## WHAT TO PRODUCE
Of the entries below, return exactly those lines that fall between the one containing "looking-for-gardening-services-small-1" and the one containing "Ергономичен стол ERGOHUMAN", the two end lines included.

## SUPPLIED DATA
◆ ◆ ◆ ◆

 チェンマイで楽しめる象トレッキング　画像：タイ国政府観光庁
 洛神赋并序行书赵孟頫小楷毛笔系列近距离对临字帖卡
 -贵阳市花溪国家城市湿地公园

◆ ◆ ◆ ◆

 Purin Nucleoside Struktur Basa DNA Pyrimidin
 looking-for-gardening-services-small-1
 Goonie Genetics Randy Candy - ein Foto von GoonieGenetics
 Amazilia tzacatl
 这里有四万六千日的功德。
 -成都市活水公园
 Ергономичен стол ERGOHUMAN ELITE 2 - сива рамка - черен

◆ ◆ ◆ ◆

## REPLY
 looking-for-gardening-services-small-1
 Goonie Genetics Randy Candy - ein Foto von GoonieGenetics
 Amazilia tzacatl
 这里有四万六千日的功德。
 -成都市活水公园
 Ергономичен стол ERGOHUMAN ELITE 2 - сива рамка - черен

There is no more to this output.